LLOYDS Banking Group will next month join Barclays, RBS and HSBC in restricting investment advice to its wealthiest customers, ahead of the ban on adviser commissions from January 2013.

Lloyds says customers "with less than £100,000 of investable assets will be able to access a non-advised service through Halifax, Bank of Scotland and Lloyds TSB".

It follows similar moves by Barclays, HSBC, and RBS, which has closed its financial advice arm but which has announced a tie-up with Standard Life to offer a range of investment options in compliance with the new regime.

It means the big banks have abandoned their traditional investment advice service for ordinary customers, effectively admitting that it depended on sales commissions.

Nationwide building society will offer an investment advice service to all customers through a "single-tie" agreement with Legal & General, whilst continuing to offer a whole of market annuity service as well as "multi-tied" protection advice to all customers.

The moves reinforce industry worries that the retail distribution review (RDR) reforms will leave a swathe of mid-market customers without any obvious source of advice on more complex products, particularly investments. Stuart Falloon at consultants Mercer said: "As individual IFAs disappear as well, I don't know where the man in the street is going to access financial advice."

Under the RDR reforms, only advisers qualified to level four can offer independent advice, prompting industry bodies to call on the Financial Services Authority to allow advisers with level three qualifications to offer basic advice. A group including the Association of British Insurers and Association of Mortgage Intermediaries says less qualified advisers should be allowed to advise on basic protection products, cash and equity Isas, stakeholder pensions and annuities up to a certain level of pension fund. They would be paid by commission but the products would be designed by the industry and approved by the regulator.
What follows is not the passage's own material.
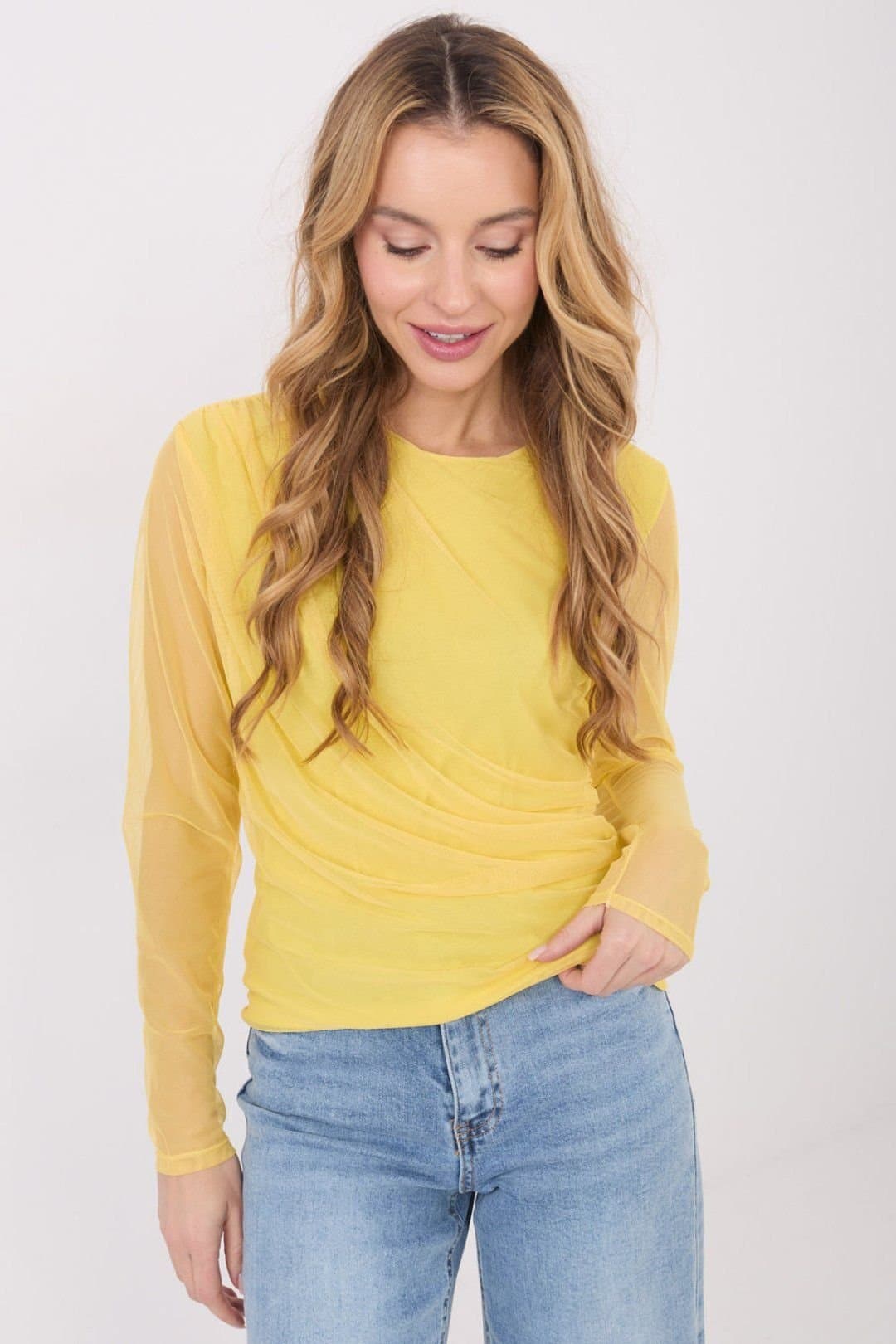 Love Lace Love Lace Yellow Mesh Fitted Blouse with Pleats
Doubts about the effectiveness of the new regime emerged this week when the FSA wrote to the chief executives of leading financial companies warning them not to work round the ban on commissions.

The FSA said it had been alerted to payments and benefits typically included within distribution agreements. They might mean that "advisers continue to provide 'biased' advice to consumers when recommending a product provider and also make some firms' adviser charges look lower than others".

But for those prepared to pay a financial adviser, or do it themselves, the regime should offer more transparency and a level playing field for good-value funds, including investment trusts.

Ian Sayers, director general of the Association of Investment Companies, said: "Whilst it would be naïve to expect an immediate transformation, RDR represents the single biggest long-term opportunity the investment company sector has seen."

Ed Morse, head of investment trust business development at F&C, said it was "a significant opportunity for investment trusts to enter a level playing field with open-ended funds when the payment of commissions to advisers is finally consigned to history".

But James de Sausmarez, director and head of investment trusts at Henderson Global Investors, said it was "disappointing that the principal fund platform providers have so far been lukewarm in facilitating the inclusion of the full range of investment trusts on their platforms".

The Alliance Trust Savings platform was commended this week in a report by Edinburgh-based consultancy the Lang Cat. The report cites ATS's unique flat rate charging model, with no percentage-based product or platform fee, and says that even after raising its prices modestly it is still "cheaper than just about everyone" for any but the smallest portfolios.